Kansagra and Farley argue compellingly that a more flexible and relevant research design is needed to evaluate the population-wide impact of public health interventions—particularly when it relates to research that supports policy and environmental change.1 The use of the National Institutes of Health (NIH)-led Diabetes Prevention Program (DPP) as a proof point in their argument, however, is both unfortunate and inaccurate.

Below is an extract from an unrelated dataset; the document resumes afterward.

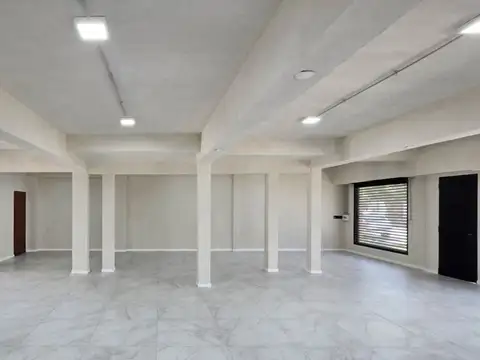 VENTA LOCAL COMERCIAL CON PLAYON Y GARAGE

Since the publication of the DPP trial results in 2003, at least 26 separate translation studies have been conducted, and a meta-analysis has concluded that clinically significant one-year weight reduction is achievable in DPP-lifestyle intervention adaptations delivered by well-trained community workers.2 One evidence-based translation of the DPP—the YMCA of the USA’s (the Y’s) DPP— is currently being scaled nationally with support from numerous public and private sector organizations including the Centers for Disease Control, the UnitedHealth Group, and the Y. Over the past two years, the Y’s DPP has expanded from just two Ys in Indianapolis, Indiana, and Louisville, Kentucky, to 207 sites spread throughout 47 Ys in 23 states. By the end of 2012, the program is expected to be available at more than 75 Ys in 30 states. In fact, it is the very challenge described in the article—how to go about providing the expertise, quality control, business process infrastructure, and scalability that allow public health initiatives like the DPP to enter into and thrive in the current health care environment—that was the rationale behind the creation of the Diabetes Prevention and Control Alliance (DPCA). Launched in April 2010 by UnitedHealth Group, the Y, and retail pharmacies, the DPCA enables multiple insurers, retail, government, and community-based non-profit partners to work together to bring the DPP-based intervention program to the market and have a population-wide impact. In short, while the authors’ premise is sound, it is premature to discount the population-wide impact and proven scalability of the NIH-led DPP given the emerging evidence of successful translations.